Der Mann, der in diesem Buche die Wahrheit erkennt, wird Ernst Everhard genannt. Gleich dem Autor gehörte er der Arbeiterklasse an und lebte von der Arbeit seiner Hände – denn man muß wissen, daß Jack London, der in seinem kurzen Leben fünfzig aufsehenerregende, von Leben und Einsicht überschäumende Bände geschrieben hat, der Sohn eines Landarbeiters war und seine glänzende Laufbahn auf einer kleinen Farm begann.
Ernst Everhard ist voller Mut und Wissen, voller Kraft und Güte, alles Charakterzüge, die auch dem Dichter, der ihn schuf, angehörten. Und um die Ähnlichkeit zwischen ihnen beiden vollkommen zu machen, gibt der Autor dem von ihm Erschaffenen ein Weib mit einer großen Seele und einer starken Intelligenz, das von seinem Gatten zu dessen Anschauungen bekehrt wird. Die beiden Revolutionen, die den Gegenstand dieses Buches bilden, sind so blutig, in den Reihen derer, die sie ins Leben riefen, herrscht soviel Verrat, und ihre Hinrichtungen sind von einer solchen Grausamkeit, daß man sich fragt, ob sie je in Amerika, in Europa möglich wären. Ich selbst würde es nicht glauben, ständen mir nicht jene Junitage des Jahres 1871 mit der Unterdrückung der Kommune vor Augen und erinnerten mich daran, daß gegen die Armen alles erlaubt ist. Das Proletariat eines jeden Landes, sei es in Amerika oder in Europa, hat sich als eine Versuchung für die Eiserne Ferse erwiesen.
In Frankreich, wie in Italien und Spanien, ist der Sozialismus augenblicklich zu schwach, um von der Eisernen Ferse etwas befürchten zu müssen, denn äußerste Schwäche ist der einzige Schutz der Schwachen. Keine Eiserne Ferse wird sich die Mühe geben, diesen Staub der Gesellschaft zu zertreten. Und was ist die Ursache dieser Schwäche?
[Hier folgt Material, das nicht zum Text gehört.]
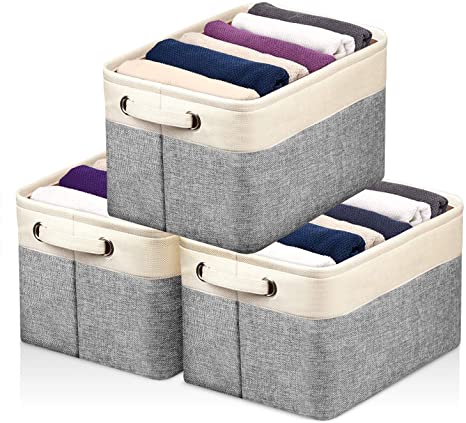 Kntiwiwo Storage Baskets for Closet Fabric Storage Bins for Shelves Decorative Storage Cubes with Handles for Home Closet Bedroom Nursery Organizer, Set of 3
Wirklich, in Frankreich würde wenig dazu gehören, das an Zahl so geringe Proletariat ganz zu vernichten. Und der Krieg, der so grausam gegen die niederen und mittleren Kreise wütete, plünderte sie, ohne ihnen einen einzigen Schrei zu entlocken, denn sie sind stumm! Der Krieg war nicht zu hart gegen den Arbeiter, der in den großen Industrien sein Leben fristete, indem er Granaten drehte, aber nach Beendigung des Krieges konnte sein Lohn, der schon so mager war, nicht tief genug sinken: dafür sorgten die Herren der Stunde! Und diese Löhne waren alles in allem nichts als Papier, das die reichen Industriefürsten sich, in enger Verbindung mit den höheren Mächten, ohne Schwierigkeit verschafften. Und so lebte der Arbeiter denn, so gut er eben konnte. Er hatte so viele Lügen erzählen hören, daß er sich über nichts mehr wunderte. Gerade zu dieser Zeit war es, daß die Sozialisten sich erheben wollten, aber nur, um von selbst wieder in den Staub zu sinken. Es war eine große Niederlage für den Sozialismus, eine Niederlage, die sie ohne Tote und Verwundete hinnahmen! Wie war es möglich, daß alle Streitkräfte einer großen Klasse einschliefen? Die Gründe, die ich angegeben habe, genügen nicht, um die Ursache zu erklären. Es muß mit auf die Rechnung des Krieges kommen.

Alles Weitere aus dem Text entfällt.